昨年から「note」に参加していて、「つけびの村」著者が書いた記事を読んで興味をもった。

note.com

そこで、いつものように京都市図書館のオンライン蔵書予約をしたわけだけれど
ちょうど人気がでた頃らしく、たくさんの予約者がおり、
ひとり2週間でこの人数となると、半年から一年くらい先か。
それでもいいやと、ほかの興味ある本を予約しては借り、時間を過ごしていた。

先週、ようやくわたしの番が回ってきたので受け取ってきて、3日ほどで読了。

正直いって、期待外れだった。

丁寧に取材してある。
文章も問題ない。
けれど、なにか違和感を感じる。

その違和感の理由を考えてみた。

おそらく、一番大きな理由はじぶんの考える「ノンフィクション」とは違ったこと。
フィクションに面白さを見いだせず、読むとすればノンフィクションという時期があった。
そのなかで、わたしの中のノンフィクションというのは
「著者の人間性、個人的な思いや事情を入れ込まずに丹念な取材をして構築するもの」
という定義になっていたと思う。
潜入取材とかルポだったら理解できるけれど、
この本は「私」が主人公すぎる、という印象に違和感があった。
しかしあらためてnoteにあげた著者の文章を読んでみると「ルポ」としてあげているので致し方ないか、と。わたしの好みでなかっただけで。
また、noteで共感を得たことで、書籍化は応援してくれた読者の期待に応えるもの、という部分が大きいようで、読者の視線を意識しすぎているというのもわたしの好みではなかったけれど、これは今どきの「オンラインで人気→書籍化」という形をとっているのだから、当然といえるだろう。

本の感想つづき。
本の最初の半分はnoteにまとめてアップしたもの、
後半の半分はnoteで人気が出たので出版化の話が出て、追加取材したもので
著者としては、事件のあった村の背景を丹念に調べて読者に伝える意図があったようだけれど
いかにも余分なつけ足しで、面白くなかった。

全体的に、取材で村人と交流して、村人側についたひとという印象がぬぐえない。
また、「うわさはあったが、いじめはなかった」と断言するのも
ちょっと単純すぎるのではないか、と思った。

一番興味深かったのが、村だけでなく、その周辺にも「変なひと」が多い、ということだった。
自作UFOのオブジェを設置するひとがおり、自宅に「魔女の宅急便」の看板を立てるひとおり(著者との会話もかなり怖い)
また、事件の犯人だけでなく、別件で放火をしていたひとがいたらしいなどなど、不気味さを感じた。

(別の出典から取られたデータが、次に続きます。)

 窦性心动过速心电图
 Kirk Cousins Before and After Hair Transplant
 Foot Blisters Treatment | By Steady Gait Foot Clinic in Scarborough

同じ事件についてあれこれ読んでみると、記事にするひとの立ち位置であったり、思いであったり、光の当て方によってひとつのことがらがいくつも違ってみえることを実感した。

自分の知りたいことを満足させてくれたという点では、移住アドバイザーが書いた記事のほうが犯人に丁寧にむきあっていて、私にはおもしろかった。

www.dailyshincho.jp

事件一か月後にアップされたこちらの記事もおもしろかった。

gendai.ismedia.jp

もちろん、「つけびの村」もよく調べてあり、現地に足を運んで丁寧な取材をしてあるとは思う。
けれど、もともと傍聴マニアから発したひとだからか?裁判についての冗長な語りがあったり、なんだか著者の芯がはっきりしない感じがどうしてもぬぐえず、よいノンフィクションとはいいがたいという読後感だった。